The primary characters were cereal magnate Will Kellogg, humorist Will Rogers, poet and Cal Poly prof Virginia Hamilton Adair * and Mike Taylor, a student who surreptitiously built a treehouse on campus (hey, it was the ’70s). With them as narrators and regular stage presences, this was a delightfully off-kilter look at the university’s history. Good show.
* name corrected
A Santa Claus in Pomona met an ignominious end when last Friday’s earthquake sent him tumbling from a storage room shelf into the facilities at Magic Door Books. Given the outcome, can we compare the shaking to the poetic “bowlful of jelly”? Owner Dwain Kaiser sent me the photo with a mournful note: “At least Santa Claus drowned quickly.”
The 500 block of West Second Street in Pomona was dressed up with shops for a scene for the HBO vampire drama “True Blood” that filmed Monday.

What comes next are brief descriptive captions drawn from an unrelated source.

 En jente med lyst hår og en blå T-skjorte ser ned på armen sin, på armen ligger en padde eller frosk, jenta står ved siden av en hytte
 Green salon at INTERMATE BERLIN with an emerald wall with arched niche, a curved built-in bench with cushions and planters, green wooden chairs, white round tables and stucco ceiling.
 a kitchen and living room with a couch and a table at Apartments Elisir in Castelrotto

That’s the first item in my Friday column, which also stops into an Ontario council meeting and presents some waitress banter from Rancho Cucamonga and Upland.
Photo above is by Sally Egan. If you know that block, you’ll recognize the Kitron Radio sign, which is permanent; the others were put up for the shoot. You can find more images at The Loft on 2nd, a blog kept by a loft dweller in that block, who shot photos and a video from an upper level, and at True-Blood.net, a fansite.
‘….Mister Maaaaayor!” Pomona Mayor Elliott Rothman models a contestant-style sash made by the Sash Company of Upland.
Two large apartment complexes are under construction in downtown Pomona, several years after a downtown boom was predicted. Better late than never. That news leads my Friday column, followed by yet more items from Pomona, as well as our other cities. (In fact, one item mentions every city we cover.)
Above, the Daumier apartments under construction in December.
Coming soon to 105 E. Arrow Highway, Pomona (just east of Garey): Brick Market Deli, featuring “fine meats and cheeses,” “baked goods,” “fresh and natural foods.” Sounds more promising than the KFC, vacant Arby’s, Taco Bell and McDonald’s that line Garey.
The Pomona Center News, published twice a week, was written by and for internees at the Pomona fairgrounds during the summer of 1942. Archived at the Public Library, its news, community notices, sports and gossip offer a window into the day-to-day life in the camp: births, weddings, talent shows and softball scores.
Wednesday’s column tells the story.
Above, a farewell page of staff portraits from the final issue. In this version, in the bound copy at the library, the names are signed in ink.
The world’s largest steam locomotive, Big Boy No. 4014, on Thursday began its journey out of the Rail Giants train museum at Pomona’s Fairplex, its home since 1962, to Wyoming. But it’s a slow journey, as the locomotive isn’t functional and it’s being towed as track can be laid. Friday’s column has the details. The Big Boy was the subject of a column in August. You can watch a 45-second video from Thursday here.
Downtown Pomona’s ticket machines for its parking lots have been controversial since their installation in 2012, as many people don’t notice the signs or realize they have to check in at the machines and thus get a $58 ticket for time that would have cost $1 or $2. Some 1,000 parking tickets per month are being issued. But the system’s perceived failings run much deeper, into unexpected territory: poor spelling.
A recently installed parking lot sign, above, said rules would be “strickly” enforced. A business owner who is a stickler for good English pointed out the mistake and a strict official made sure the error was fixed — but not before a photo could be snapped for posterity.
But that’s only the tip of the iceberg. I have searched for free street parking to avoid parking in the lots because I didn’t want to have to figure out the technology, but on a recent Sunday I resolved to try it out. Shockingly, when I examined my receipt I learned that I had “payed.”
Is it possible that this misspelling of “paid” has been on every receipt since February 2012, probably tens of thousands of them, and nobody — nobody official, at least — has noticed?
Suggestion for City Hall: Use some of the proceeds from your $58 parking tickets to buy spelling primers!